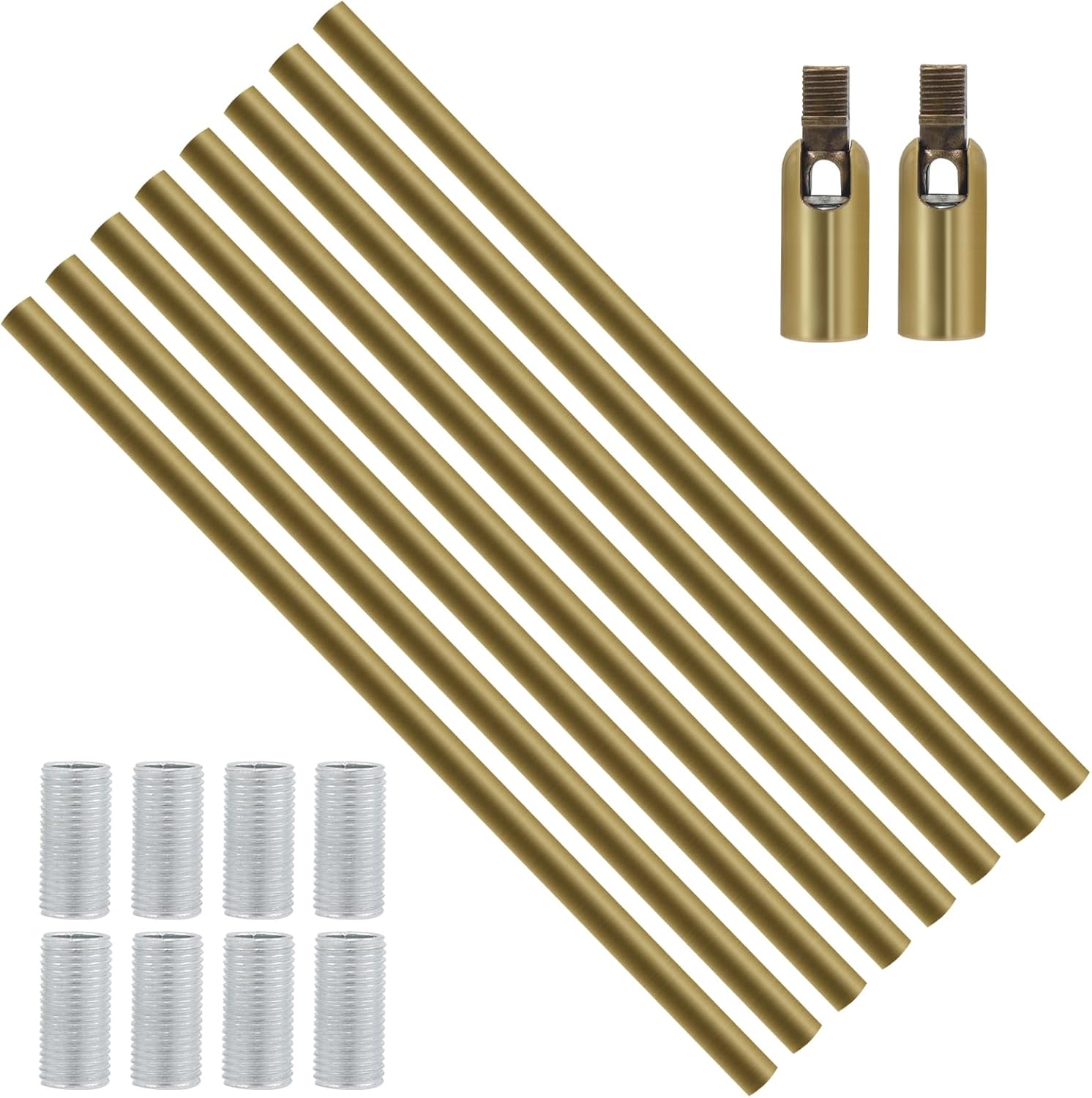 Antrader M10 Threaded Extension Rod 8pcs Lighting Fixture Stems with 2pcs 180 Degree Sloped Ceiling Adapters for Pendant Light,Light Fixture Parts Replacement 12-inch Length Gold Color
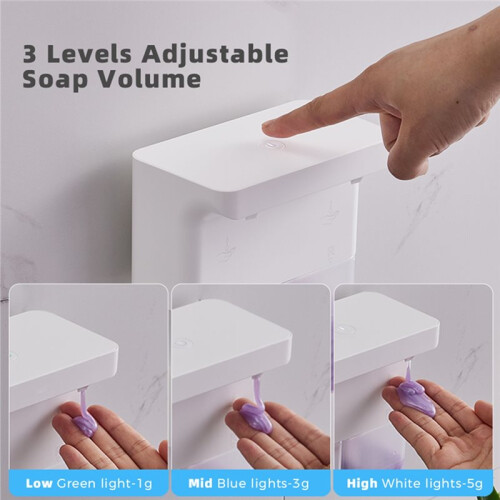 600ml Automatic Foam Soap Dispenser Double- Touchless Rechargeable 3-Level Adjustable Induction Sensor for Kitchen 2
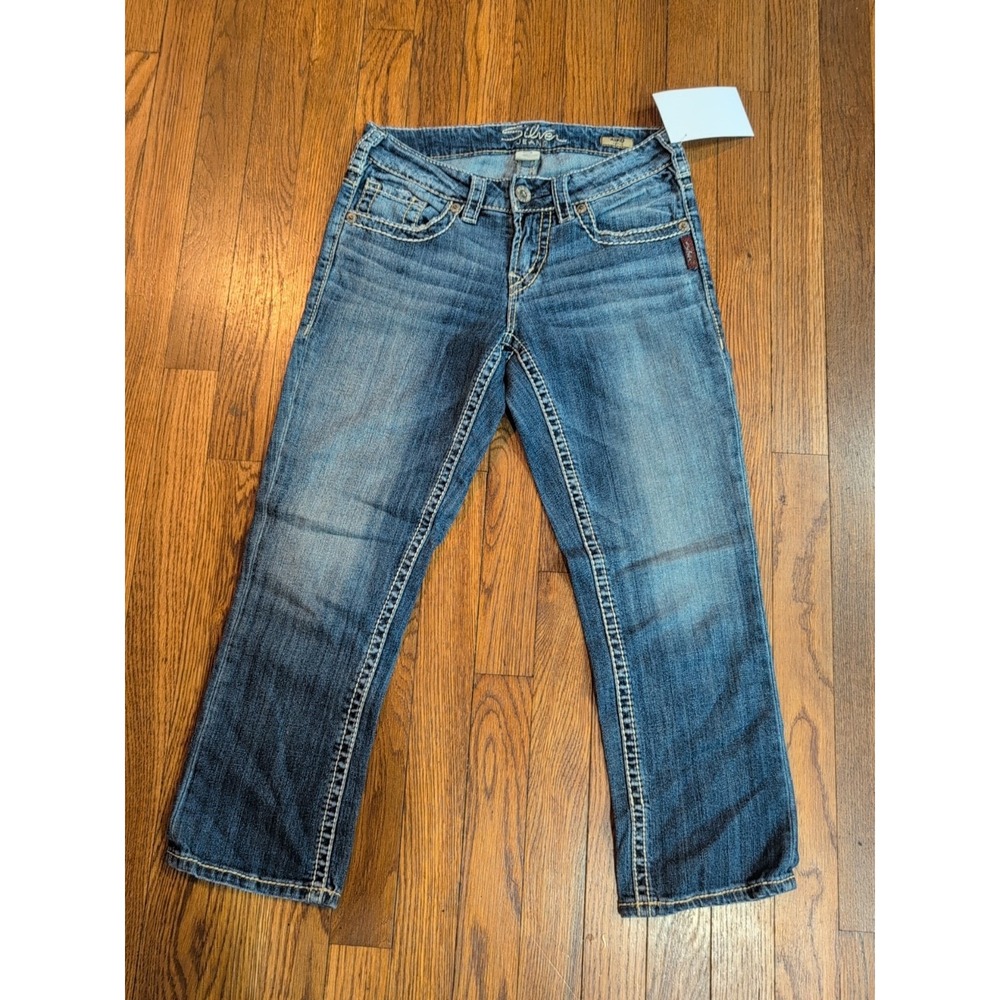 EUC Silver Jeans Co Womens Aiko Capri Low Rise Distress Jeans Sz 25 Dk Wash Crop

◇ ◇ ◇ ◇

### Aim of the exercise
Return the listing verbatim, pictures omitted.

### Output for this exercise
 Antrader M10 Threaded Extension Rod 8pcs Lighting Fixture Stems with 2pcs 180 Degree Sloped Ceiling Adapters for Pendant Light,Light Fixture Parts Replacement 12-inch Length Gold Color
 600ml Automatic Foam Soap Dispenser Double- Touchless Rechargeable 3-Level Adjustable Induction Sensor for Kitchen 2
 EUC Silver Jeans Co Womens Aiko Capri Low Rise Distress Jeans Sz 25 Dk Wash Crop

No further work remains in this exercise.